Research on within-task planning conditions indicates that unpressured planning allows for better monitoring and careful language use, improving fluency and accuracy (Awwad & Alhamad, 2021; Kim, 2020). However, findings on the effects of pressured planning are mixed, with some studies showing improvements in fluency and others highlighting trade-offs with accuracy and complexity. For instance, Panahzadeh and Asadi (2019) found that pressured online planning led to higher fluency and coherence but at the expense of grammatical accuracy. Similarly, Kim (2018) noted that while pressured planning improved fluency, it did not significantly enhance accuracy or complexity. These mixed results suggest that the benefits of within-task planning may depend on the specific conditions and the learners' abilities to manage cognitive load under time constraints.
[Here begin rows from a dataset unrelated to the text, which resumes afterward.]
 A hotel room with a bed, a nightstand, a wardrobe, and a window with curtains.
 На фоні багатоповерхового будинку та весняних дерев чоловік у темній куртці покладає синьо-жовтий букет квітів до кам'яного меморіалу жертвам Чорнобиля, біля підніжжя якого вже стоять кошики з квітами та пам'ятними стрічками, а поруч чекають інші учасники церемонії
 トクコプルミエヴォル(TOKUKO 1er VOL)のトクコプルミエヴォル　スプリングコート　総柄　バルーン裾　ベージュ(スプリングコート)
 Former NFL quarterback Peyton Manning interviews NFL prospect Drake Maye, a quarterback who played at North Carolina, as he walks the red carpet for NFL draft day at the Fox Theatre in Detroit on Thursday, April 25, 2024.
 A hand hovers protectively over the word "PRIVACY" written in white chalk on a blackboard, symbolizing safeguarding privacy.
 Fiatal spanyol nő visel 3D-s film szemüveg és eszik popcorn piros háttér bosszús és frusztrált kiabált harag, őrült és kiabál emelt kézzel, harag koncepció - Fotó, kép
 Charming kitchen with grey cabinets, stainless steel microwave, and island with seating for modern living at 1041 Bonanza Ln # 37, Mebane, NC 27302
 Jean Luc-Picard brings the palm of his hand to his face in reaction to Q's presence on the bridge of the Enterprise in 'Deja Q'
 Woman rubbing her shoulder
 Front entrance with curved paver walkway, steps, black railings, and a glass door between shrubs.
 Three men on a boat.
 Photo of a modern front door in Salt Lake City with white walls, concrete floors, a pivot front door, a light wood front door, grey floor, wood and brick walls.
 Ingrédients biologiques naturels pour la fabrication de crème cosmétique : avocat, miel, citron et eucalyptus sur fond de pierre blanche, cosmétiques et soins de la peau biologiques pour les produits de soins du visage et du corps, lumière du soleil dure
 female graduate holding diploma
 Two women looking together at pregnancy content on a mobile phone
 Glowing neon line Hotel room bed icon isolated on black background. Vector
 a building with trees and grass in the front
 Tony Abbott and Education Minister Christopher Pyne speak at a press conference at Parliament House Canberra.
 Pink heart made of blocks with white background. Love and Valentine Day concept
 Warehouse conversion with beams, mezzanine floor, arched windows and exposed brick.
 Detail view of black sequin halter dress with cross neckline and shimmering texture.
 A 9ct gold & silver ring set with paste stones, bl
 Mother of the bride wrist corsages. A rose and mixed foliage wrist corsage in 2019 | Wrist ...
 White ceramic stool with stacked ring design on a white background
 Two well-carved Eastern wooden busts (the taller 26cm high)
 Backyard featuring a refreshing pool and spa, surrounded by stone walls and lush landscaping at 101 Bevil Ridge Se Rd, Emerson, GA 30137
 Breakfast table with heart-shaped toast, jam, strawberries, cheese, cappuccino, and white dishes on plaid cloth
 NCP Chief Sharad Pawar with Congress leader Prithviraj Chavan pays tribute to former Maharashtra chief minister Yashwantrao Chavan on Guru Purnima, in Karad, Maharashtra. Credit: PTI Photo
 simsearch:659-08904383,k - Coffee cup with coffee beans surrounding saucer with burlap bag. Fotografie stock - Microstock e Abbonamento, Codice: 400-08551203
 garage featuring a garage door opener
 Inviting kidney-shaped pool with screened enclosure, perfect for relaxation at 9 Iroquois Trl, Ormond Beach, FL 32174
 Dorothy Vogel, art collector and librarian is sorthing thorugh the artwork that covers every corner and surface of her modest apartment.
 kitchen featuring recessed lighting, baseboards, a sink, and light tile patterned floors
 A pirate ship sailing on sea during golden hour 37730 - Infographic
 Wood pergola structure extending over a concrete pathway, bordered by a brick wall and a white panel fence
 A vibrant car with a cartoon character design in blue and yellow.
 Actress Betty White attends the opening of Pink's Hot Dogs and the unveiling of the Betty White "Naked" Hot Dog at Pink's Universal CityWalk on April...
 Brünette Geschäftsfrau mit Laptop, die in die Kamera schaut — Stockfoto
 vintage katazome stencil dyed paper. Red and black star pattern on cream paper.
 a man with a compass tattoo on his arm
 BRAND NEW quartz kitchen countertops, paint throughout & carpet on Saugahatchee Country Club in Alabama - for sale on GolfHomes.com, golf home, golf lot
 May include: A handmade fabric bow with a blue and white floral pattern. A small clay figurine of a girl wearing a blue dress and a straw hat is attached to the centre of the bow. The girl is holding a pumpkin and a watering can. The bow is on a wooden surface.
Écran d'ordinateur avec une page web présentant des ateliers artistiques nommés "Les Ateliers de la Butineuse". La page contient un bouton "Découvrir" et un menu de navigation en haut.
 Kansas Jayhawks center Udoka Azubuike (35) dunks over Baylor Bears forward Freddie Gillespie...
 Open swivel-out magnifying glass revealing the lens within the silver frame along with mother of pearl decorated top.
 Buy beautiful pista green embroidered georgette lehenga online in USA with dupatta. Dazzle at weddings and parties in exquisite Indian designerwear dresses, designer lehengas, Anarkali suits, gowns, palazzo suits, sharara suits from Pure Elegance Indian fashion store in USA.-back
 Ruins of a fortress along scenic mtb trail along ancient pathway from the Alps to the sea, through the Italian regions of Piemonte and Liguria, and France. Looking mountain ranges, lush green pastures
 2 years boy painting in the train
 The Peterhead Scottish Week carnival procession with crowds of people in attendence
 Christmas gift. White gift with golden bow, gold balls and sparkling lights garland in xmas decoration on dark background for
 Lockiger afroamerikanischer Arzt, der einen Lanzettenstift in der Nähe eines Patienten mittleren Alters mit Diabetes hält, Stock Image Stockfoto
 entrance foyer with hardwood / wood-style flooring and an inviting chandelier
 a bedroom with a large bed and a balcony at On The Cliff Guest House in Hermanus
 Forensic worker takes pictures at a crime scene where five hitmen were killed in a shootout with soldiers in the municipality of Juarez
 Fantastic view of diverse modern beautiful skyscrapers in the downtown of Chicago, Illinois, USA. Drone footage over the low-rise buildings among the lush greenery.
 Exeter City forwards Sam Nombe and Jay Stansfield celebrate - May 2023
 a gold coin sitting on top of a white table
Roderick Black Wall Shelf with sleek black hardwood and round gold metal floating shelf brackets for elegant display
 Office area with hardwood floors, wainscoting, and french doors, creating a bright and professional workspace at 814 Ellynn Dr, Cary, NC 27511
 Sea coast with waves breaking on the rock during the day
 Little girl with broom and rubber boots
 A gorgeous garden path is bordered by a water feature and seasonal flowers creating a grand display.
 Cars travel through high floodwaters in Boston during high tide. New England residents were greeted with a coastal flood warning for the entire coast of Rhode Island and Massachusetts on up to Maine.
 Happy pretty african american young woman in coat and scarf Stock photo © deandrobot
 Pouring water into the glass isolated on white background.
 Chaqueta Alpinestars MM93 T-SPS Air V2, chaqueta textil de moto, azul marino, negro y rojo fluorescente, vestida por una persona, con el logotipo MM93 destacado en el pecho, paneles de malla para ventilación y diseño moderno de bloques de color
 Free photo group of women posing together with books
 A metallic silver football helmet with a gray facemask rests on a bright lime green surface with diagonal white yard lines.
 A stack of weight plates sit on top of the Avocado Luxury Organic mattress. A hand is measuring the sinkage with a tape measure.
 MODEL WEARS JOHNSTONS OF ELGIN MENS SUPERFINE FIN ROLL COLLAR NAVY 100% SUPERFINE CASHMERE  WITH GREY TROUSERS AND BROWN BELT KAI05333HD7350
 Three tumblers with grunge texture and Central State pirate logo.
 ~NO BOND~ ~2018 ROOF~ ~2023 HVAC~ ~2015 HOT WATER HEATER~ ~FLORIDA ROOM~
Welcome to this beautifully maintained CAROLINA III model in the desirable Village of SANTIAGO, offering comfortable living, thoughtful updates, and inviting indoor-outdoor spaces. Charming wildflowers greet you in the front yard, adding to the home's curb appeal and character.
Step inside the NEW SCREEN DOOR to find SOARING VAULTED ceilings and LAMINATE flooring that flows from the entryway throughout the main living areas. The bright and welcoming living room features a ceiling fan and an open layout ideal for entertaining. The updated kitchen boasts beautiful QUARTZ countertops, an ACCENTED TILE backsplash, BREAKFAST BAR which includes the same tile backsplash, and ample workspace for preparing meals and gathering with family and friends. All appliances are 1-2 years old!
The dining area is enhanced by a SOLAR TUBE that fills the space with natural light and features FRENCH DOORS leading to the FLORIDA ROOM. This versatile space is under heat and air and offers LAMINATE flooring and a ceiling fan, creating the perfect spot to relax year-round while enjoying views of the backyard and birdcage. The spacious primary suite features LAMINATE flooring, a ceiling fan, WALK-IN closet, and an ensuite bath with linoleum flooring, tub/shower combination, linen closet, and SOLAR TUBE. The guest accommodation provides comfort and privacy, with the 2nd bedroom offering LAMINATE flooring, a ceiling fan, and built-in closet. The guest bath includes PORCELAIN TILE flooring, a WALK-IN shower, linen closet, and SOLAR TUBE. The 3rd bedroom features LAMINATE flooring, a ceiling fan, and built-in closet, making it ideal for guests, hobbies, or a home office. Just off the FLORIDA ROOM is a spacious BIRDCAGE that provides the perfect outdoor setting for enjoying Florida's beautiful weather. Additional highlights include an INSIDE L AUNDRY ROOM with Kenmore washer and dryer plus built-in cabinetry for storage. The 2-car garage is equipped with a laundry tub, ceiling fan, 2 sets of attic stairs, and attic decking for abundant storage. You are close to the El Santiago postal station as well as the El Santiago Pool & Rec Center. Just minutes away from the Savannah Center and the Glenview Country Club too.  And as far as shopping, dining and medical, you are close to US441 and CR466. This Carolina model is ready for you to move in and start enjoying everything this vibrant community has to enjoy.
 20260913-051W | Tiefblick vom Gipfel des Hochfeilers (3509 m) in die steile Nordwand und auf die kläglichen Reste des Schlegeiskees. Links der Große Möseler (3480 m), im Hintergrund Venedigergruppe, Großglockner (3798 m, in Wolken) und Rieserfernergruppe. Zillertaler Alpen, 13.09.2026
Meta-analyses and comparative studies indicate that pre-task planning generally enhances fluency, complexity, and accuracy more effectively than within-task planning. Johnson and Abdi Tabari's (2022) meta-analysis, which included 52 studies, demonstrated that pre-task planning significantly improves syntactic complexity and accuracy, as well as fluency in L2 production. Similarly, Bakhtiary et al. (2021) found that strategic planning was more beneficial for oral production than unpressured online planning. These findings align with the Cognition Hypothesis (Robinson, 2011), suggesting that allowing learners to plan before tasks enables them to allocate cognitive resources more effectively, thus improving overall performance.
Hybrid online planning, which combines pre-task and within-task planning, has been shown to enhance accuracy and complexity of speech. Studies by Wang et al. (2019) and Hsu (2017) suggest that integrating multiple planning methods can optimize task performance and address trade-offs between fluency, accuracy, and complexity. Wang et al. (2019) found that hybrid planning conditions led to better accuracy and complexity compared to either pre-task or within-task planning alone. Hsu (2017) also noted that combining rehearsal with online planning improved language output significantly. These studies highlight the potential of hybrid planning to balance the demands of fluency, accuracy, and complexity, providing a more comprehensive approach to task-based language instruction.
Theoretical models such as LACH and CH provide valuable insights into how task planning conditions influence L2 speech production. While pre-task conditions generally improve accuracy, complexity, and fluency, within-task conditions remain controversial regarding their effect on fluency. This study aims to examine different task conditions (hybrid, unpressured, and pressured) and their impact on learners' utterance fluency, addressing the identified research gap.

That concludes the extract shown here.